Fink Anna, Rau Stephan, Kästingschäfer Kai, Weiß Jakob, Bamberg Fabian, Russe Maximilian Frederik
Department of Diagnostic and Interventional Radiology, University of Freiburg Faculty of Medicine, Freiburg, Germany.
Rofo. 2025 Jul 16. doi: 10.1055/a-2641-3059.

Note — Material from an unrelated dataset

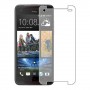 HTC Butterfly S Screen Protector Hydrogel Transparent (Silicone) One Unit Screen Mobile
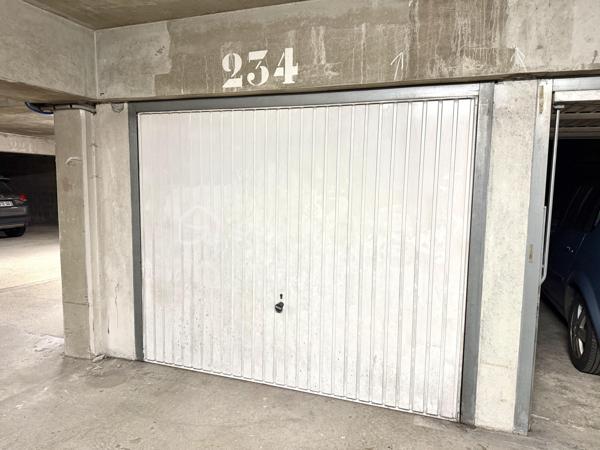Appartement de 82,34 m²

Large language models (LLMs) hold great promise for optimizing and supporting radiology workflows amidst rising workloads. This review examines potential applications in daily radiology practice, as well as remaining challenges and potential solutions.Presentation of potential applications and challenges, illustrated with practical examples and concrete optimization suggestions.LLM-based assistance systems have potential applications in almost all language-based process steps of the radiological workflow. Significant progress has been made in areas such as report generation, particularly with retrieval-augmented generation (RAG) and multi-step reasoning approaches. However, challenges related to hallucinations, reproducibility, and data protection, as well as ethical concerns, need to be addressed before widespread implementation.LLMs have immense potential in radiology, particularly for supporting language-based process steps, with technological advances such as RAG and cloud-based approaches potentially accelerating clinical implementation. · LLMs can optimize reporting and other language-based processes in radiology with technologies such as RAG and multi-step reasoning approaches.. · Challenges such as hallucinations, reproducibility, privacy, and ethical concerns must be addressed before widespread adoption.. · RAG and cloud-based approaches could help overcome these challenges and advance the clinical implementation of LLMs.. · Fink A, Rau S, Kästingschäfer K et al. From Referral to Reporting: The Potential of Large Language Models in the Radiological Workflow. Rofo 2025; DOI 10.1055/a-2641-3059.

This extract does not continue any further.